Por meio desse mecanismo democrático, fundado na política de
descentralização das ações, são criados os conselhos estaduais,
municipais e associações de defesa dos direitos, integrando
representantes dos diferentes setores: saúde, educação, justiça e ação
social, trabalho, transportes e comunidade, tendo em vista a formulação
de política integrada de desenvolvimento humano.
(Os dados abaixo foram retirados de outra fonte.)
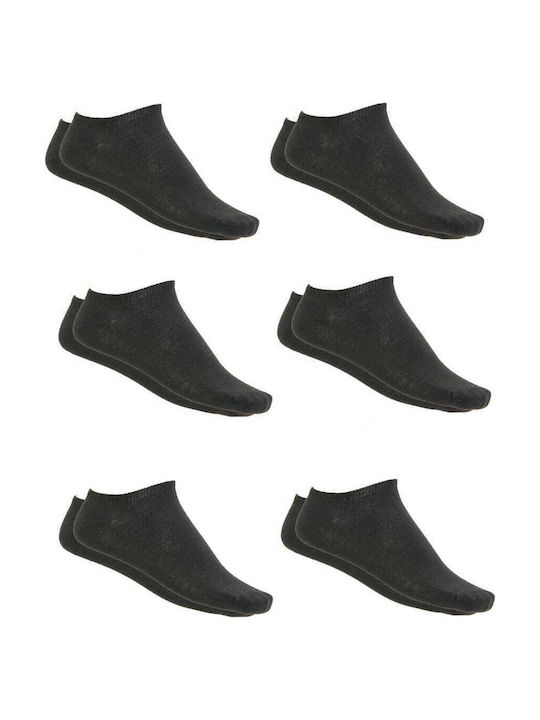 Join Bărbați Șosete Uni BLACK 6Pachet Join Bărbați Șosete Uni BLACK 6Pachet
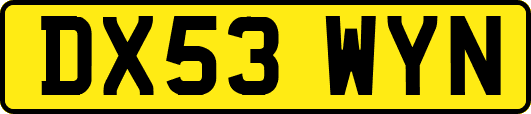 DX53WYN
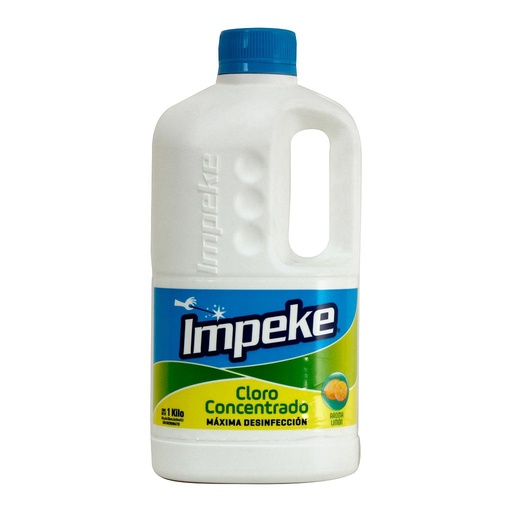 [2710] CLORO 1LT.IMPEKE(uxc20)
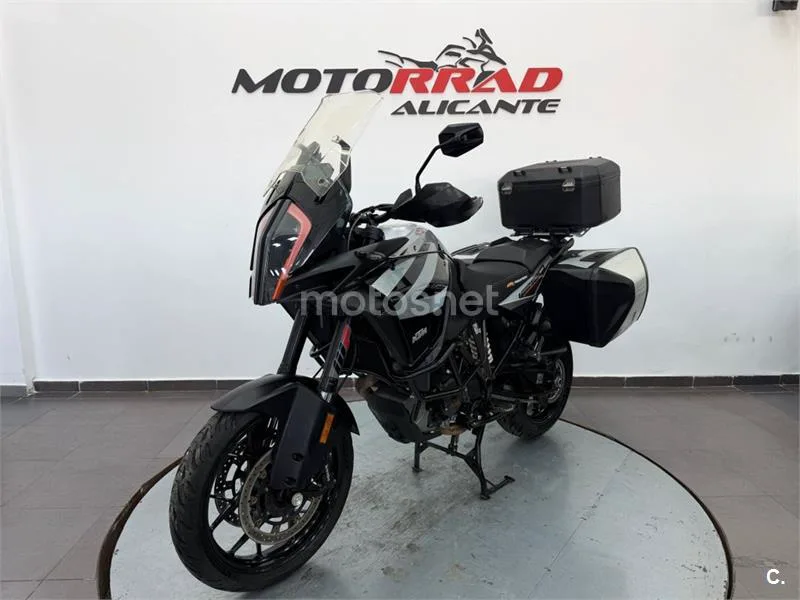 KTM 1290 Super Adventure – Vista 17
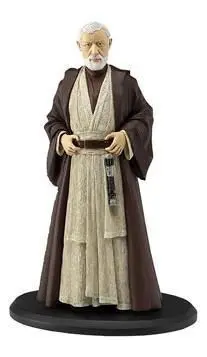 STAR WARS ESTATUA RESINA 38,5 CM OBI-WAN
No âmbito da educação infantil e especial, a democratização do
ensino traz consigo o conceito de educação como direito social, passando
do modelo médico do cuidar, do clínico e terapêutico para a abordagem
social e cultural que valoriza a diversidade como forma de aprendizagem,
de fortalecimento e modificação do ambiente escolar e da comunidade
para a promoção da aprendizagem. Nesse enfoque sociológico, o meio, o
ambiente inadequado e a falta de condições materiais são também fatores
produtores de limitação e determinantes do fracasso escolar.
Na esfera política e da descentralização do poder, as Diretrizes
Nacionais para a Educação Especial na Educação Básica, recomendam a
colaboração entre a União, Estados e Municípios para que seja
efetivamente exercitado no País o debate de idéias e o processo de
decisões acerca de como devem se estruturar os sistemas educacionais e
quais procedimentos de controle social serão desenvolvidos (BRASIL,
2001a).
Embora haja avanços na esfera conceitual, as representações míticas,
os preconceitos e estereótipos acerca das pessoas com deficiência
construídos culturalmente determinam e expressam nossas atitudes e ações
consciente ou inconscientemente no contexto familiar, escolar ou
comunitário. Essas barreiras atitudinais são, por vezes, evidenciadas
pelos mecanismos de negação das possibilidades dessas pessoas,
fortemente firmados no conceito de limitação e incapacidade, manifestos
pelo assistencialismo e paternalismo ainda vigentes em nosso meio. Esse é
o grande desafio que a educação inclusiva se propõe a romper...
Fonte: BRUNO, Marilda Moraes
Garcia. Saberes e Práticas da Inclusão na Educação Infantil :
introdução. Brasília: MEC/SEESP, 2006.